This submission describes how TTML Live documents can be carried from node to node using WebSocket connections.

This document is based on [[EBU-TT-Live-WS]] where any basis on [[EBU-TT-Live-1-0]] has been re-based on the accompanying submission defining TTML Live Contribution extensions, [[TTML-LIVE]].

These works were originally developed by EBU and benefit from technical consensus and implementation experience gathered there.

Scope

This submission accompanies the TTML Live Contribution extensions [[TTML-LIVE]]. It describes how TTML Live documents can be carried from node to node using WebSocket [[rfc6455]] connections, and fulfils the requirements for defining a Carriage Mechanism specified in the TTML Live Contribution extensions [[TTML-LIVE]].

Normative text describes indispensable or mandatory elements.
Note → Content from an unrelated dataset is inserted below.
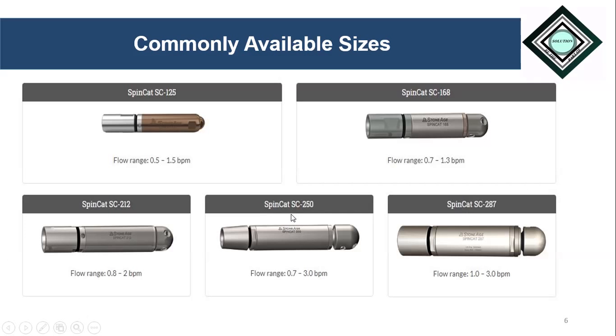Here in this slide, the commonly used sizes of the SpinCat are shown. The first one is 1.25 inch, second is 1.68 inch, third is 2.12 inch, then 2.50 inch, and 2.87 inch. The 1.25 inch size is sometimes known as the slimmer jetting tool, and another is also known as Tomcat. These SpinCats have different flow ranges: 0.5 to 1.5 barrel per minute, 0.71 to 1.3 barrel per minute, and so on.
It contains the conformance keywords ‘shall’, ‘should’ or ‘may’, defined as follows:

Shall and shall not: Indicate requirements to be followed strictly and from which no deviation is permitted in order to conform to the document.

Should and should not: Indicate that, among several possibilities, one is recommended as particularly suitable, without mentioning or excluding others; OR indicate that a certain course of action is preferred but not necessarily required; OR indicate that (in the negative form) a certain possibility or course of action is deprecated but not prohibited.

May and need not: Indicate a course of action permissible within the limits of the document.

Default identifies mandatory (in phrases containing “shall”) or recommended (in phrases containing “should”) presets that can, optionally, be overwritten by user action or supplemented with other options in advanced applications. Mandatory defaults must be supported. The support of recommended defaults is preferred, but not necessarily required.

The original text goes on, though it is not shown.